Look at this chart from nonpartisan Middlebury political science professor Matthew Dickinson -- headlined "Why History Suggests Obama Should Face a Primary Challenge." As Dickinson pointed out last August, the misery index -- coupled with the President's low approval ratings -- has historically meant there will be a primary challenge. Yet in this case none has emerged, despite mutterings from the left last autumn.
Why is this? Because of Democrat race-consciousness. There has been no Democrat (besides Cory Booker!) willing to challenge America's first black President. Of course, first, everyone knows that a challenge would ultimately be futile -- no Democrat can win without the African American vote (then again, one doubts Pat Buchanan seriously expected to take the oath of office in January 1993; he was still willing to challenge Bush from the right).
But second, and as significantly, few have forgotten the furious condemnation that was visited upon America's other "first black President" back in 2008 when he criticized Obama.
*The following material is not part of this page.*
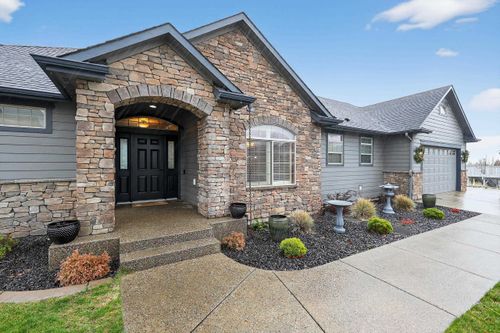 729 Montague Dr, Cheney, WA, 99004-2300 | Card Image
Is anyone else (already much less beloved than Bill Clinton was at the time) really up for being accused of racism just to make a point a la Buchanan circa 1992 -- or jeopardize the relationship between the Democrats and African Americans long-term if a strong primary challenge ends up "softening up" the President for defeat in the fall?
In a sense, race may well be hurting Barack Obama -- but not in the way his supporters think it is. Rather than being the victim of ugly, insidious racial prejudice, the President may have been the victim of a race-conscious party that has feared calling out his shortcomings -- even in a way that might have actually helped him address them. Could Democrats have become victims of their own propaganda, i.e., actually beginning to believe that any criticism of someone who happens to be black is somehow tantamount to racism?